» **MATERIAL FOR THIS TASK**:

'''

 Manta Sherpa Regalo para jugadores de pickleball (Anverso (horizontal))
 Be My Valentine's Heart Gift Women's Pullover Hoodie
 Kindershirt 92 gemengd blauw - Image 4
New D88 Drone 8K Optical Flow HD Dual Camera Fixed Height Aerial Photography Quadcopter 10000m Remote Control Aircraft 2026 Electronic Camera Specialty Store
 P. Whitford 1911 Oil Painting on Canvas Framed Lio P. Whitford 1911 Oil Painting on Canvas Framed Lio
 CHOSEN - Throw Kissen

'''
'''

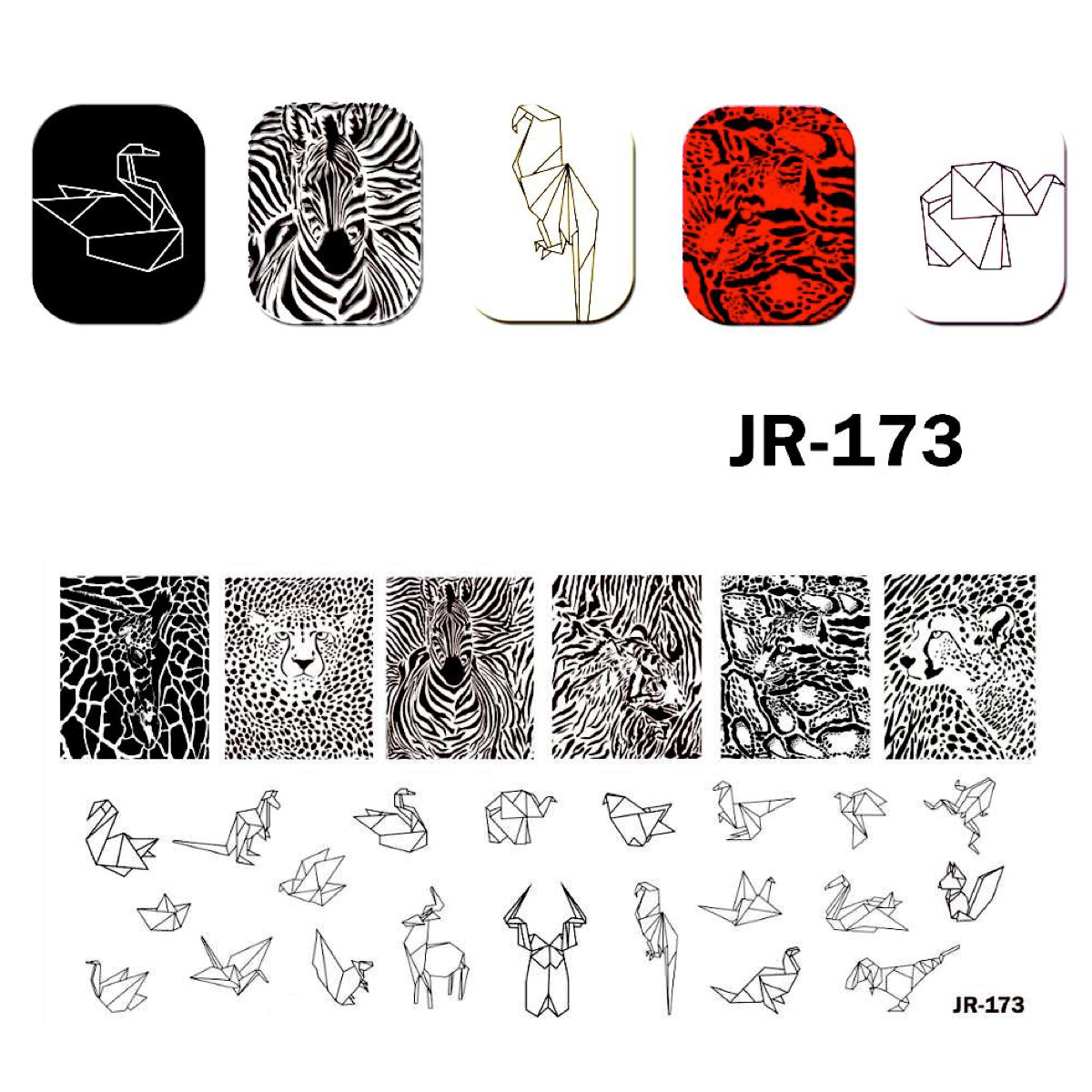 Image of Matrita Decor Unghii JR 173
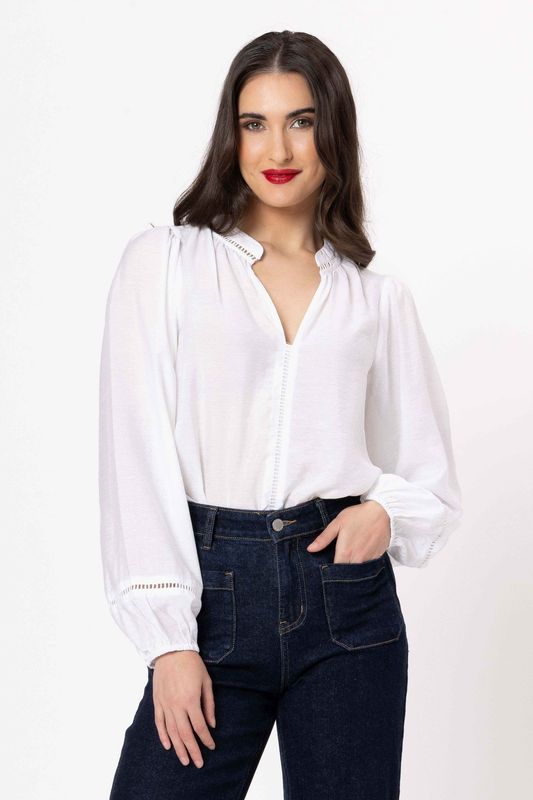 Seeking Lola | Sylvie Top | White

'''
'''

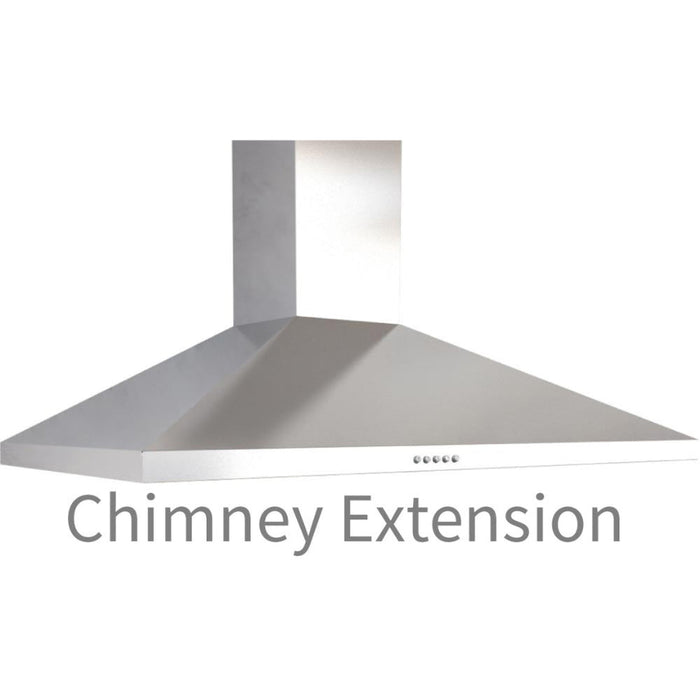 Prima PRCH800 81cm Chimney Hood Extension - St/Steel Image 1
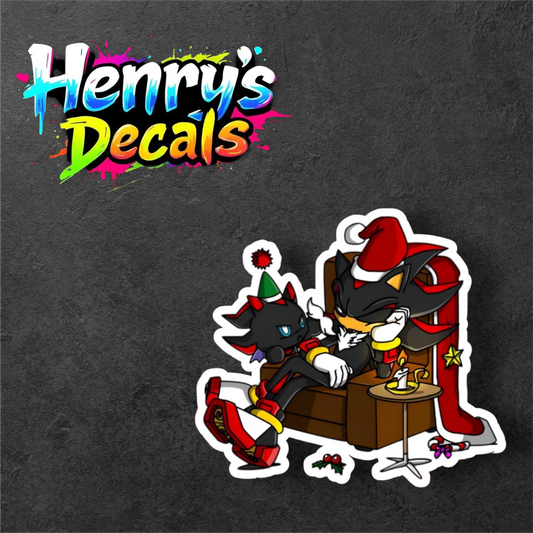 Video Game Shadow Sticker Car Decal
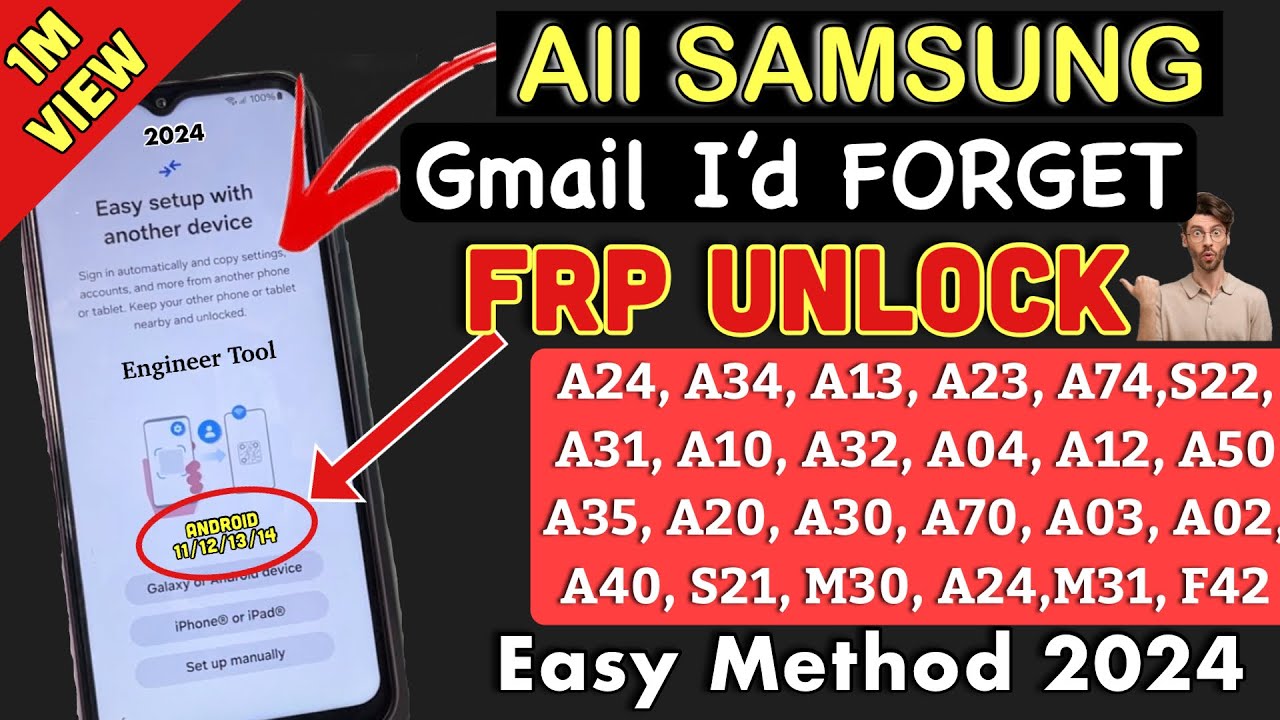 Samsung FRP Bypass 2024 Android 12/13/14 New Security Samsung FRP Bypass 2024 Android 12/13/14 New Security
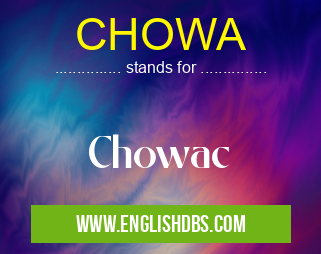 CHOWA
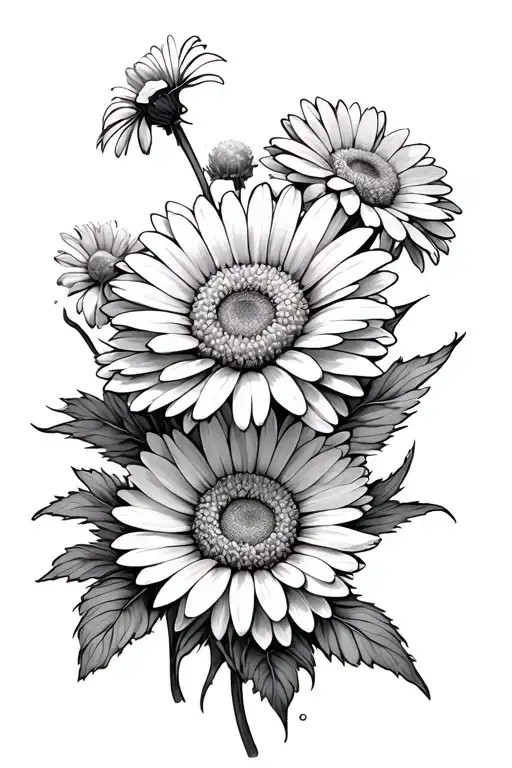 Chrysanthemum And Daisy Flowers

'''

» **WHAT YOU WILL DO**: Working from the entries above, please transcribe only the lines from the line with "Samsung FRP Bypass 2024 Android 12/13/14 New Security Samsung" through the line with "Chrysanthemum And Daisy Flowers", exactly, with both end lines and without pictures.

» **WRITTEN ANSWER**:
 Samsung FRP Bypass 2024 Android 12/13/14 New Security Samsung FRP Bypass 2024 Android 12/13/14 New Security
 CHOWA
 Chrysanthemum And Daisy Flowers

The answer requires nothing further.